The White House said on Wednesday it plans to release the outline for immigration legislation that it believes can pass muster with both Republicans and Democrats in the U.S. Congress.
The White House said on Wednesday it plans to release the outline for immigration legislation that it believes can pass muster with both Republicans and Democrats in the U.S. Congress. The framework comes as lawmakers resume tough negotiations on the fate of young immigrants known as “Dreamers” who were brought to the United States illegally as children. Wrangling over immigration policy was part of the reason for the brief government shutdown this week. Republican President Donald Trump has said protections for the young immigrants will end in March unless Congress passes a new law. But he and other Republicans are also pushing to curb family-sponsored immigration and end a lottery program for immigrants from certain countries.
Trump has also insisted on funding for his long-promised wall along the U.S.-Mexican border and other security measures. “The framework that you see on Monday will be born out of a lot of those conversations that we’ve had with a number of members, both Republicans, Democrats; House and Senate,” White House spokeswoman Sarah Sanders told reporters. “We’ve taken into account all of the conversations that we’ve had, both at the presidential and the staff level, and tried to incorporate that,” Sanders said. A bipartisan group of senators – at least 36 of them – were planning to meet on Capitol Hill later on Wednesday to discuss how to move forward on immigration legislation. Republican Senator Susan Collins said the discussions could lead to several proposals, not just one piece of legislation.

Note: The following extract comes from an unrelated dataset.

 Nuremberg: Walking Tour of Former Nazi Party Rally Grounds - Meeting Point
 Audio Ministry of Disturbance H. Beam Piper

“I think today is an opportunity to discuss a path forward and how we proceed to get to a bill, or to get to a variety of bills that can be considered on the Senate floor and do so quickly. Time is very short,” she said. Republican Senator Jeff Flake said he hoped the group would determine the process for the next two weeks. “I think we all know the contours of everything, but still it’s going to be a tough process,” Flake said. Senator Joe Donnelly, a Democrat, said he wanted to discuss both immigration and border security. Asked if the Senate should try to coordinate with the White House, Donnelly said: “I think we’re going to try to do our work and take care of our business.”